Stream Analytics Output

825 views Asked by At

I have a project that uses an event hub to receive data, this is sent every second, the data is received by a website using SignalR, this is all working fine, i have been storing the data in to blob storage via a Stream Analytics Job, but this is really slow to access, and with the amount of data i am receiving off just 6 devices, it will get even slower as this increases, i need to access the data to display historical data on via graphs on the website, and then this is topped up with the live data coming in.

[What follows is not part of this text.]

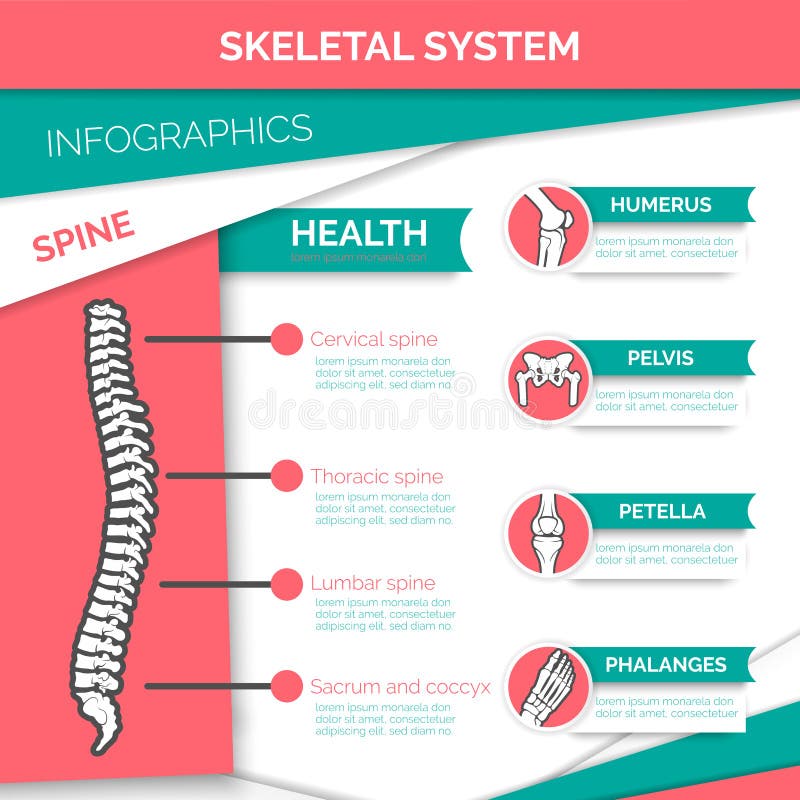 Menschliches skelettartiges System infographics Design stock abbildung Menschliches skelettartiges System infographics Design stock abbildung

I don't really need to store the data every second, so thought about only storing it every 30 seconds instead, but into a SQL DB, what i am trying to do, is still receive the data every second but only store it every 30, i have tried a tumbling window, but from what i can see, this just dumps everything every 30 seconds instead of the single entries.

am i miss understanding the Tumbling, Sliding and Hopping windows, i am guessing i cannot use them in this way ? if that is the case, i am guessing the only way to do it, would be to have the output db as an input, so i can cross reference the timestamp with the current time ?

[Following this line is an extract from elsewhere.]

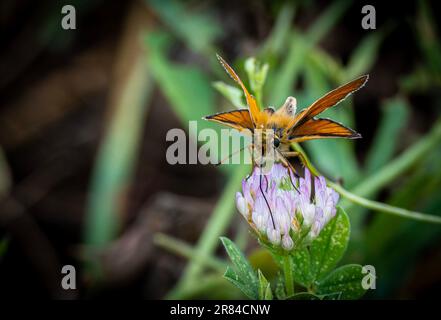 Strandja mountians Bulgarie 19 juin TH 2023: Faune Marble blanc papillon (Melanargia galathea) et samll Skipper papillon (Thymelicus sylvestris ) :Clifford Norton Alamy crédit: Clifford Norton/Alamy Live News Banque D'Images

unless anyone has any other ideas ? any help would be appreciated.

Thanks

3

There are 3 answers

0
Waaghals On

am i miss understanding the Tumbling, Sliding and Hopping windows

You are correct that this will put all events within the Tumbling/Sliding/Hopping window together. However, this is only valid within a group by case, which requires a aggregate function over this group.

There is a aggregate function Collect() which will create an array of the events within a group.

I think this should be possible when you group every event within a 30 second tumbling window using Collect(), then in the next step, CROSS APPLY each record, which should output all received events within the 30 seconds.

With Grouper AS (
    SELECT Collect() AS records
    FROM Input TIMESTAMP BY time
    GROUP BY TumblingWindow(second, 30)
)
SELECT 
    record.ArrayValue.FieldA AS FieldA,
    record.ArrayValue.FieldB AS FieldB
INTO Output
FROM Grouper
CROSS APPLY GetArrayElements(Grouper.records) AS record
0
GregGalloway On

If you are trying to aggregate 30 entries into one summary row every 30 seconds then a tumbling window is a good choice. Something like the following should work:

SELECT System.TimeStamp AS OutTime, TollId, COUNT(*) as cnt, sum(TollCharge) as TollCharge
FROM Input TIMESTAMP BY EntryTime
GROUP BY TollId, TumblingWindow(second, 30)
1
Racing57 On

Thanks for the response, I have been speaking to my contact at Microsoft and he suggested something similar, I had also found something like that in various examples online. what I actually want to do, is only update the database with the data every 30 seconds. so I will receive the event, store it, and I will not store it again until 30 seconds have passed. I am not sure how I can do it with and ASA job to be honest, as I need to have a record of the last time it was updated, I actually have a connection to the event hub from my web site, so in the receiver, I am going to perform a simple check, and then store the data from there.